# New guy in town.



## Luftjeger (Sep 13, 2007)

Howdy fellow WWII plane enthusiasts, I'm a norwegian now living in the US. Born in 1971 in north Norway we still grew up with plenty of old warmemories. I did also visit 2 known crash sites of shot down german and british bombers. The germans had an airfield 50km from where I grew up.


----------



## ccheese (Sep 13, 2007)

Welcome to the forum, Luftjeger. Lot's of good people here with a wealth
of knowlege..... and willing to share it. Look around and enjoy....

Charles


----------



## DerAdlerIstGelandet (Sep 13, 2007)

Welcome. Did you live near Trondeim?


----------



## Luftjeger (Sep 13, 2007)

DerAdlerIstGelandet said:


> Welcome. Did you live near Trondeim?



I grew up about 900Km further north, in the county of Troms, from the island of Senja. The airfield's name was Bardufoss, close to the swedish and finnish border. And was used as the springboard to attack the northern convoys to Russia. The Biscmark's sistership Blucher was sunk just 70Km from my hometown, south west of the city of Tromso. Just recently they dug up to Jagdpanter II armored vehicles that was documented to have participated in the Battle of Kursk, they are now in safe care of the Battlefield museum of Troms County. They were in very well condition for their age and for having been underground for over 50 years.


----------



## DerAdlerIstGelandet (Sep 13, 2007)

Luftjeger said:


> IThe Biscmark's sistership Blucher was sunk just 70Km from my hometown, south west of the city of Tromso.

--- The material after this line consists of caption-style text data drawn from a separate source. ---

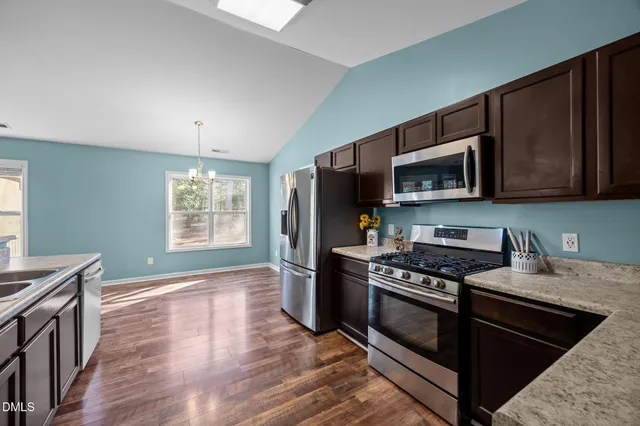 a kitchen with stainless steel appliances kitchen island granite countertop a stove a sink and a microwave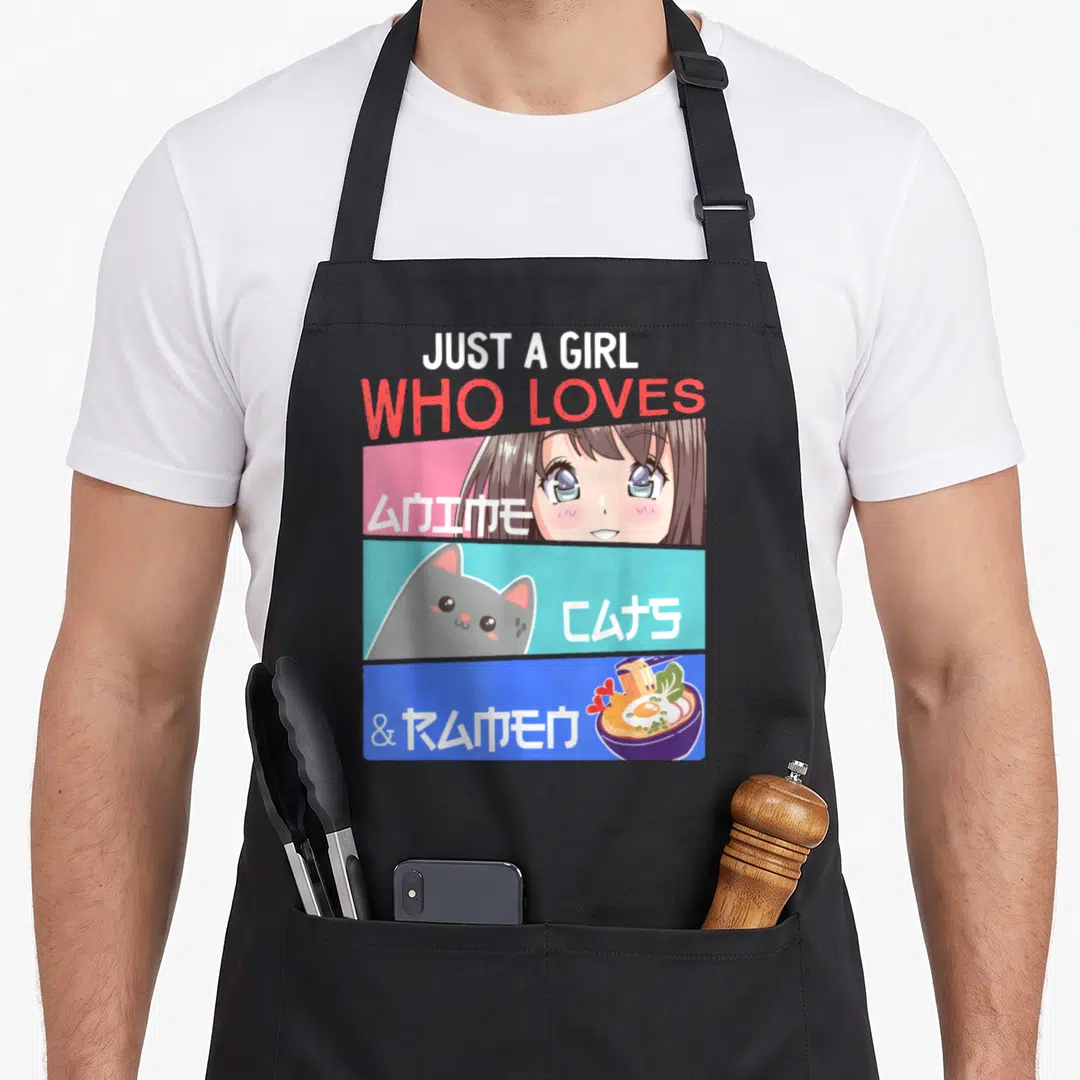 Otaku cat apron - Just A Girl Who Loves Anime Cats Ramen text with cartoon girl cat and noodle bowl in pink cyan blue — shown on a black cotton canvas apron against a white background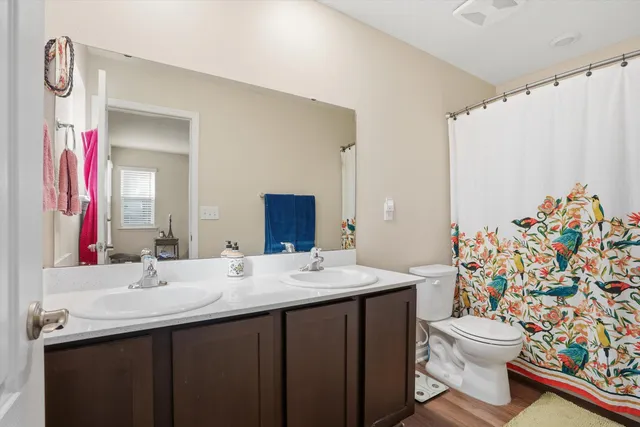 a room with a table chairs and wooden floor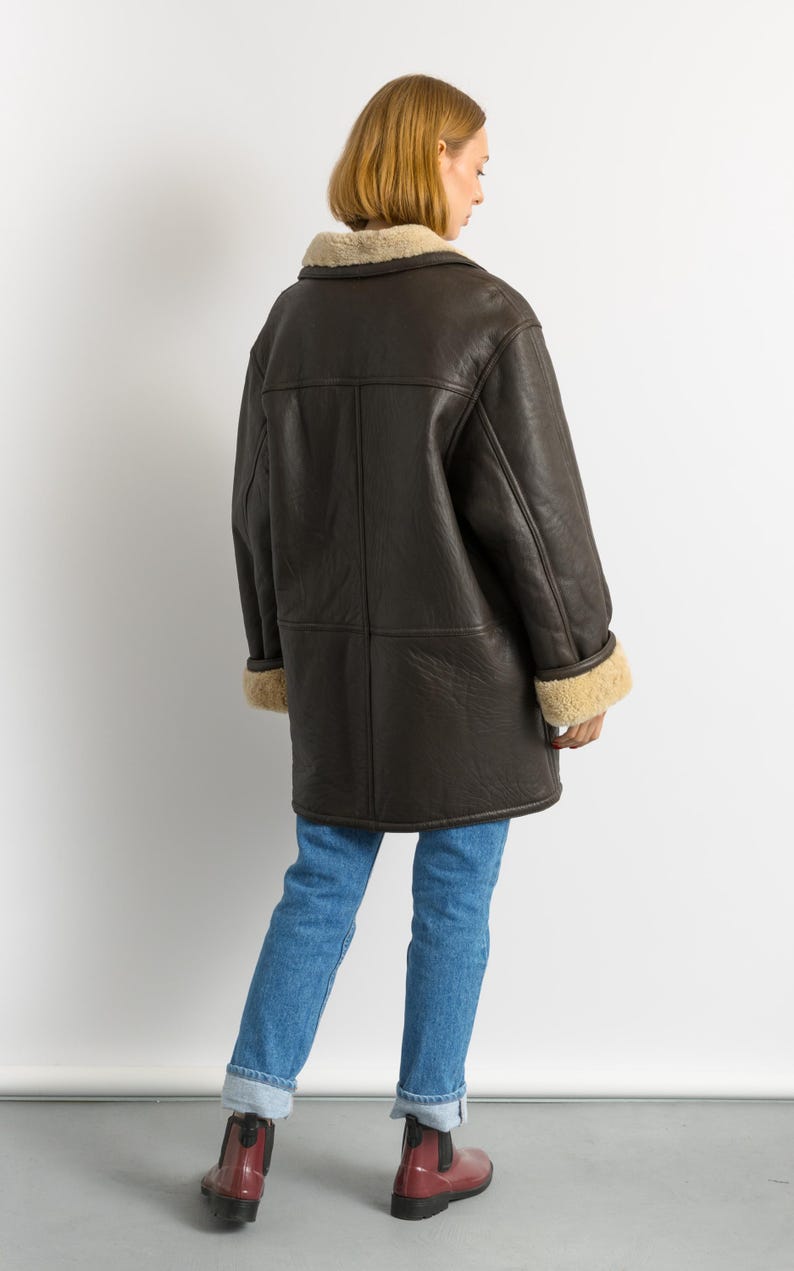 May include: A dark brown shearling coat with a cream-colored shearling collar and cuffs. The coat is worn over blue jeans and red boots. The coat is a long, warm style, perfect for cold weather.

You mean the Tirpitz right? Bismarcks sister ship was the Tirpitz. 

The Blücher was sunk in Oslo Fjord at the Dröbak Narrows when she was attacked by the fortress of Oskarborg and later by torpedos.


----------



## Bf109_g (Sep 13, 2007)

Hello there and welcome to the forum


----------



## Wurger (Sep 13, 2007)

Hallo and welcome there.


----------



## DOUGRD (Sep 13, 2007)

Hi Luftjeger, Welcome to THE forum. Best place to hang out on the web.


----------



## Wayne Little (Sep 14, 2007)

Hello and welcome to the forum.


----------



## Luftjeger (Sep 14, 2007)

DerAdlerIstGelandet said:


> You mean the Tirpitz right? Bismarcks sister ship was the Tirpitz.
> 
> The Blücher was sunk in Oslo Fjord at the Dröbak Narrows when she was attacked by the fortress of Oskarborg and later by torpedos.



Yes! Tirpitz was it, mixed up the name. There was just a huge book issued on the history of Tirpitz, made in conjunction with norwegian and german historians. Very good reading material DerAdler.

Thanks for the warm welcome guys.


----------



## DerAdlerIstGelandet (Sep 14, 2007)

No problem.

They have parts of the Tirpitz here at a museum near my house.


----------



## v2 (Sep 14, 2007)

Welcome!


----------



## mkloby (Sep 14, 2007)

Welcome from Pensacola, Florida.


----------



## Lucky13 (Sep 23, 2007)

Welcome neighbour.....from a Swede living in Glasgow.... Narvik is my favorite place in Norway.


----------



## grob (Sep 25, 2007)

Hi and welcome


----------



## Emac44 (Sep 28, 2007)

G'day Luft and welcome to the site from another Aussie


----------